> **What you need to do**
The records that follow are to be transcribed word for word.

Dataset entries
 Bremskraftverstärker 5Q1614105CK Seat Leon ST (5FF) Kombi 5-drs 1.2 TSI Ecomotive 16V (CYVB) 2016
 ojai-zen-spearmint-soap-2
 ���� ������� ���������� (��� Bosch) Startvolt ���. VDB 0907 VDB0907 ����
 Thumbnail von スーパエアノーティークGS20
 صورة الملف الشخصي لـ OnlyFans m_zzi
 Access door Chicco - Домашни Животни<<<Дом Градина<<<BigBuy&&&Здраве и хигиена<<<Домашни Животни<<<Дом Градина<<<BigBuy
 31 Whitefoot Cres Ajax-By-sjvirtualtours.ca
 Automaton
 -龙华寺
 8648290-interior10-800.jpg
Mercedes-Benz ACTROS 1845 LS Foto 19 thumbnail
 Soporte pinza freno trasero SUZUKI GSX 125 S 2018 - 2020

> **Response box**
 Bremskraftverstärker 5Q1614105CK Seat Leon ST (5FF) Kombi 5-drs 1.2 TSI Ecomotive 16V (CYVB) 2016
 ojai-zen-spearmint-soap-2
 ���� ������� ���������� (��� Bosch) Startvolt ���. VDB 0907 VDB0907 ����
 Thumbnail von スーパエアノーティークGS20
 صورة الملف الشخصي لـ OnlyFans m_zzi
 Access door Chicco - Домашни Животни<<<Дом Градина<<<BigBuy&&&Здраве и хигиена<<<Домашни Животни<<<Дом Градина<<<BigBuy
 31 Whitefoot Cres Ajax-By-sjvirtualtours.ca
 Automaton
 -龙华寺
 8648290-interior10-800.jpg
Mercedes-Benz ACTROS 1845 LS Foto 19 thumbnail
 Soporte pinza freno trasero SUZUKI GSX 125 S 2018 - 2020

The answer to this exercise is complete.